Aim of the exercise >> Go to the line containing "Girl in a cap, lies" in the records below and print it and every following line exactly, on through the line containing "A man reacts", then stop.

The data >>
[Start of section]

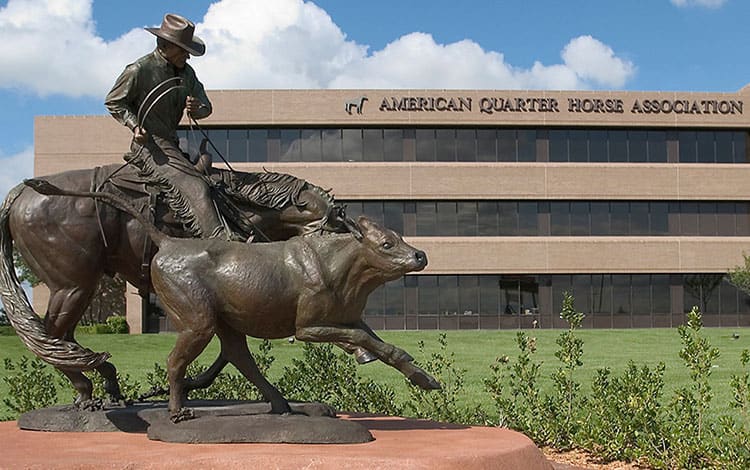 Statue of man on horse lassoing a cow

[End of section]
[Start of section]

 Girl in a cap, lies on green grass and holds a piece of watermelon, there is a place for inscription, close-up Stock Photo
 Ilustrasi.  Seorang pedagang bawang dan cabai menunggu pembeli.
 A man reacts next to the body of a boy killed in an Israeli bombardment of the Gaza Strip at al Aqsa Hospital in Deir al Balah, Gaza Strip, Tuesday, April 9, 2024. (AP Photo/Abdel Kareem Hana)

[End of section]

Answer >>
 Girl in a cap, lies on green grass and holds a piece of watermelon, there is a place for inscription, close-up Stock Photo
 Ilustrasi.  Seorang pedagang bawang dan cabai menunggu pembeli.
 A man reacts next to the body of a boy killed in an Israeli bombardment of the Gaza Strip at al Aqsa Hospital in Deir al Balah, Gaza Strip, Tuesday, April 9, 2024. (AP Photo/Abdel Kareem Hana)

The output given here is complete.